Until Saturday, SpaceX had launched only space station supplies or satellites. The company's employees took to calling the astronauts “dads” to drive home the fact that two lives were at stake in this highly technical effort.
Clearly relieved, NASA Administrator Jim Bridenstine tweeted a big “welcome home” to the Dragon fliers — “America's two favorite dads.”
NASA has yet to decide how long Hurley and Behnken will spend at the space station, somewhere between one and four months. While they’re there, they'll join NASA's Chris Cassidy and two Russian station residents in performing experiments and possibly spacewalks to install fresh station batteries.
While U.S. astronauts will continue to catch a ride on Russian Soyuz rockets, it will be through a barter system now that NASA's commercial crew program has finally taken flight. NASA had been shelling out tens of millions of dollars for every Soyuz seat.
In a show-and-tell earlier Sunday, the astronauts gave a quick tour of the Dragon’s sparkling clean insides, quite spacious for a capsule.

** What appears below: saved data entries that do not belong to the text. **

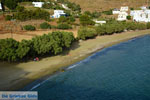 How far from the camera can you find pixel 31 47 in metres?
36.0

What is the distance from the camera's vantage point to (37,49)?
3650 cm

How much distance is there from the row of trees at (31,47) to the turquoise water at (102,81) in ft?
22.5

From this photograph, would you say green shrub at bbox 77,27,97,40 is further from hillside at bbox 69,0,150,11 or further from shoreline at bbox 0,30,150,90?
hillside at bbox 69,0,150,11

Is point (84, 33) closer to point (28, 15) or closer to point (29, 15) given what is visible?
point (28, 15)

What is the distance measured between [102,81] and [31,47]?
631 inches

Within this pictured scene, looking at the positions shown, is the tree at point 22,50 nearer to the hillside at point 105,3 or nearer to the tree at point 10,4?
the tree at point 10,4

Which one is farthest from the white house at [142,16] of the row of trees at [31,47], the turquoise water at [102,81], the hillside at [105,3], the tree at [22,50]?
the tree at [22,50]

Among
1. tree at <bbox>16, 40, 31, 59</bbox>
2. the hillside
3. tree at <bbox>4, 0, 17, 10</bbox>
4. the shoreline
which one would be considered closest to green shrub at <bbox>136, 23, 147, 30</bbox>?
the shoreline

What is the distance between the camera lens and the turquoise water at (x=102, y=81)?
24.2 m

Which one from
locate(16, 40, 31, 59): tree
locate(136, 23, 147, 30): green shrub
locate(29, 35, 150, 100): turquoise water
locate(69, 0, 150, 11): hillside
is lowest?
locate(29, 35, 150, 100): turquoise water

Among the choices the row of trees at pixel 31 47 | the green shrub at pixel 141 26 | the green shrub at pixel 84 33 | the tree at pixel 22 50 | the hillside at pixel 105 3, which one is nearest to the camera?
the row of trees at pixel 31 47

The blue sequined dinosaur accompanying them — their young sons’ toy, named Tremor — was also in good shape, Behnken assured viewers. Tremor was going to join Earthy, a plush globe delivered to the space station on last year’s test flight of a crew-less crew Dragon. Behnken said both toys would return to Earth with them at mission’s end.
An old-style capsule splashdown is planned.
After liftoff, Musk told reporters that the capsule’s return will be more dangerous in some ways than its launch. Even so, getting the two astronauts safely to orbit and then the space station had everyone breathing huge sighs of relief.
As always, Musk was looking ahead.
“This is hopefully the first step on a journey toward a civilization on Mars,” he said Saturday evening.